The city filed an annexation suit in 1968 to acquire 17 square miles of Nansemond County, which included the town of Holland.

Damiani said the people in Nansemond County thought Suffolk was trying to take over their land and rallied against Suffolk’s move.

D.J. Mangum, the first and only mayor of the city of Nansemond, said in a 2009 interview most Nansemond residents were bothered that the portion of land stretched out so far and included an established area of the county and a school.

At the same time, the northern portion of the county was feeling pressure from the east. The city of Portsmouth was eyeing land in the Bennett’s Creek area.

“They needed more territory, because they needed more businesses,” Damiani said.

Mangum said the county saw the two localities inching in and wanted to avoid losing the land.

“We found the proper thing to do was to jump through the hoops to become a city,” he said.

At the time, annexation laws did not allow a city to take possession of another city, so the county could dodge the pursuits by Suffolk and Portsmouth by making itself a city.

In 1972, the city of Nansemond was born.

Mangum said Portsmouth gave up its quest, but Suffolk was already in court pursuing annexation.

As the same time Nansemond was trying to become a city, Suffolk was telling a special three-judge panel why it needed extra land.

Suffolk officials said the city was like the hole of a doughnut and had nowhere to go, Damiani recalled.

But the judges weren’t convinced, saying there had to be a better solution. They gave the two localities 45 days to craft an agreement that would consolidate the cities.

With tons of work to do and only about a month to do it, 40 citizens — half from each locality — maneuvered toward a compromise.

“We worked around the clock every night,” Damiani said. “It was intensive, but we did it with the intentions of doing something.”

But there was a lot to work out before the cities could become one. Finances were a big issue for the group, because Nansemond had a surplus, while Suffolk had debt. Mangum said Nansemond residents weren’t interested in paying off Suffolk’s creditors.

To fix the problem, the group developed taxing districts, where residents would only pay for the services they received.

Other issues the group ran into were combining the schools, building a joint budget and creating better infrastructure in Nansemond.

“I think we did a good job coming together and working through it,” Mangum said. “We worked out how we were going to handle all of these specific things.”

By August 1972, an agreement was reached.

But there was one more group that had to approve it — the voters. If the referendum didn’t pass in either Nansemond or Suffolk, it wouldn’t happen.

That November, voters in both localities passed the referendum by a significant margin, in the same election in which voters nationwide re-elected Richard Nixon over contender George McGovern.
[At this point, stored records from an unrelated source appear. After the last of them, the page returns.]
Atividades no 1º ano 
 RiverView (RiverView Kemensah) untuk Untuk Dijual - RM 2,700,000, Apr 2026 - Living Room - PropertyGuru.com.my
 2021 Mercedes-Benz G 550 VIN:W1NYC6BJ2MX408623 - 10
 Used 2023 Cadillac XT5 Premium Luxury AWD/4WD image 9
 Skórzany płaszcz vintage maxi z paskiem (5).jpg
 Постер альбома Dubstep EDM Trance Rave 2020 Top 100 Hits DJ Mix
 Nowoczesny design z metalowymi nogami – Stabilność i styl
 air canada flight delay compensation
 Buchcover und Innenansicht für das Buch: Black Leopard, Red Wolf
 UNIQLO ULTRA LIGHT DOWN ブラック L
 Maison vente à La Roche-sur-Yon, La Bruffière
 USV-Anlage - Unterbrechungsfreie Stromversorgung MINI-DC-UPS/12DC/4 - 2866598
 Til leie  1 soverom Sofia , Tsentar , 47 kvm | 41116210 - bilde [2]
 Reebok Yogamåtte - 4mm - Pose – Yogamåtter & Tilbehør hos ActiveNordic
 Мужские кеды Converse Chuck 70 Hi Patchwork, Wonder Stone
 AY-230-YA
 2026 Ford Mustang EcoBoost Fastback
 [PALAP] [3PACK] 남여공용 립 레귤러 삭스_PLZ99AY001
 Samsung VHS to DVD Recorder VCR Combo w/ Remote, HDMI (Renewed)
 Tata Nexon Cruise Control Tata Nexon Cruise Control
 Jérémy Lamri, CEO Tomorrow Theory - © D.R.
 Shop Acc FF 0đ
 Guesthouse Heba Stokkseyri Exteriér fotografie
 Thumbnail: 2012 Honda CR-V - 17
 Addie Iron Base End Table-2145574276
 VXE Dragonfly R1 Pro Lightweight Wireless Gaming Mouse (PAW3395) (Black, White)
Only one voting precinct, Ebenezer, objected to the merger.

A little more than a year later, the cities officially merged at the stroke of midnight on Jan. 1, 1974.

The city of Suffolk went from taking up two square miles in Virginia to being the fourth largest city geographically in the nation at the time. Its population increased fivefold, from 9,000 to 45,000.

The short-lived city of Nansemond faded away, and the Suffolk that exists today came into being.

The transitions between the two cities are not seamless, but with each year that passes, they fade a little bit more into the landscape of a single municipality, Virginia’s largest city by geography.